| WORK ORDER |
Check every line of the entries for "Beach", and copy the lines that hold it.
Top of RECORDS SHOWN
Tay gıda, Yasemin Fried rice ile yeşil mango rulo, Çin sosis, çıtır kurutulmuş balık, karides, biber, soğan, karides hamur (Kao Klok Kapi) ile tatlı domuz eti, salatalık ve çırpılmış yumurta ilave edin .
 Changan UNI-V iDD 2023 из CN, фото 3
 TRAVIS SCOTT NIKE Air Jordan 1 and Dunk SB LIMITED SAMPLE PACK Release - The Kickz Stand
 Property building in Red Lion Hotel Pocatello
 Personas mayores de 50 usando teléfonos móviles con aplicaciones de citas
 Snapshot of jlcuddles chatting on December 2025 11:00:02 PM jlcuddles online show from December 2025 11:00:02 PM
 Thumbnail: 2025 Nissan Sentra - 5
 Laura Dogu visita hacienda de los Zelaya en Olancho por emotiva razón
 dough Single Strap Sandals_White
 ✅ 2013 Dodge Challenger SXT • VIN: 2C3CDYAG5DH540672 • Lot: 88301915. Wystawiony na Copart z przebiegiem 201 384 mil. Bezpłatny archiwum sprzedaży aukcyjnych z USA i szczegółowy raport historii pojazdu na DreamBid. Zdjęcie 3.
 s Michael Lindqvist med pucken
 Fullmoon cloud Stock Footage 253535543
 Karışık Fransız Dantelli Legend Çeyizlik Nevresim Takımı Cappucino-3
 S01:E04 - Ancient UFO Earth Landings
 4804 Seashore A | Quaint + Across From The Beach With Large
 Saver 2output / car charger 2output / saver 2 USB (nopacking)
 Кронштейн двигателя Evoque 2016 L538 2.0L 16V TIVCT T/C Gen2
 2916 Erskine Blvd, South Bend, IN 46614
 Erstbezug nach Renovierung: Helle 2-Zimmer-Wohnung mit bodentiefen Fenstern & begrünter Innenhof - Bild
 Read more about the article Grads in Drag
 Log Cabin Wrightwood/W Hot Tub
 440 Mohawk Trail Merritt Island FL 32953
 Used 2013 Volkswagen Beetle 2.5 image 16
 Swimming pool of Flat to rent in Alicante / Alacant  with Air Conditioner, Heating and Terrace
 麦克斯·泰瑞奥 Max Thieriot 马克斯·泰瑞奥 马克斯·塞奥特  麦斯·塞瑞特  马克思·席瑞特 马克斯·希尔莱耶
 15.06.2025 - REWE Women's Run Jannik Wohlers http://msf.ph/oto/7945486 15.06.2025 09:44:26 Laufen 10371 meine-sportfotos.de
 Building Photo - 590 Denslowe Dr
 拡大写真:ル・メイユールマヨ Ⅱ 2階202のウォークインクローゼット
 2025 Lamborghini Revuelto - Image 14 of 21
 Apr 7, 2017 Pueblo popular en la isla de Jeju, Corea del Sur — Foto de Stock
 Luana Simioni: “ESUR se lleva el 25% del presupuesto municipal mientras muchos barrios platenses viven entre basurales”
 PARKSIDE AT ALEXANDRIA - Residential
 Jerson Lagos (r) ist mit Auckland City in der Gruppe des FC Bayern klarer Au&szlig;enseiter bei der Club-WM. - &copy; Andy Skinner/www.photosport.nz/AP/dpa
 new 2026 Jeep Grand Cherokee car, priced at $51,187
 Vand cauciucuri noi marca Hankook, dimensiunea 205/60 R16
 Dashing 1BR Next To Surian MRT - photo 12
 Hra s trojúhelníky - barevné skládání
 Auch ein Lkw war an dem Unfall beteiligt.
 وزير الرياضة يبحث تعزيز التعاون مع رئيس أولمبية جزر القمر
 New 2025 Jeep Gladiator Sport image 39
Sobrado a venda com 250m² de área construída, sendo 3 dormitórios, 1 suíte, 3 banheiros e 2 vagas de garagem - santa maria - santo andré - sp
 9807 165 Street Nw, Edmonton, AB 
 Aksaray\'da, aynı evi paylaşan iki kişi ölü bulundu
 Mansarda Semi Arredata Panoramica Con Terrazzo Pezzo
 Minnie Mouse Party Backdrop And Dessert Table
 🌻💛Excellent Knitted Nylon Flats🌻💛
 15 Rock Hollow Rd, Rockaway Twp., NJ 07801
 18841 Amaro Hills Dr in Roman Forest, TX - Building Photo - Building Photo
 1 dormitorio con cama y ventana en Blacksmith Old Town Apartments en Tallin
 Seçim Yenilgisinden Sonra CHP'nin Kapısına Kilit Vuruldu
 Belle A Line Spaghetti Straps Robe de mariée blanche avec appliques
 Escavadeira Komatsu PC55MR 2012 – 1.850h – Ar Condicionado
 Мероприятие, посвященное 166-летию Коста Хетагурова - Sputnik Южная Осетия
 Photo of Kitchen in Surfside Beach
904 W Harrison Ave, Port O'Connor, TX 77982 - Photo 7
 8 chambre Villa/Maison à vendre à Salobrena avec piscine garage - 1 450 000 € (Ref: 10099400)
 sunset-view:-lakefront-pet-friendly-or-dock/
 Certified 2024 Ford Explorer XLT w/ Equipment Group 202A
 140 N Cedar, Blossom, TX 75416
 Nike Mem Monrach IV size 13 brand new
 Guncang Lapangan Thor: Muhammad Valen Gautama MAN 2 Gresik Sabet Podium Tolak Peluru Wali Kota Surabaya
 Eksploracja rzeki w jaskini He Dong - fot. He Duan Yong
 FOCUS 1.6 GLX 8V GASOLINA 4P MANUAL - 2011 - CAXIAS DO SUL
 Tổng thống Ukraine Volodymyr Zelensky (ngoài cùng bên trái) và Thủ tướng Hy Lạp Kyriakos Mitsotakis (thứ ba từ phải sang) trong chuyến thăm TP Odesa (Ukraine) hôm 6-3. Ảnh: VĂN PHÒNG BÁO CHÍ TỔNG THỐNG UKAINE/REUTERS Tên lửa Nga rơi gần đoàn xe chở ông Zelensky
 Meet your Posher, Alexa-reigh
Bottom of RECORDS SHOWN
| OUTPUT OF THE EXERCISE |
 4804 Seashore A | Quaint + Across From The Beach With Large
 Photo of Kitchen in Surfside Beach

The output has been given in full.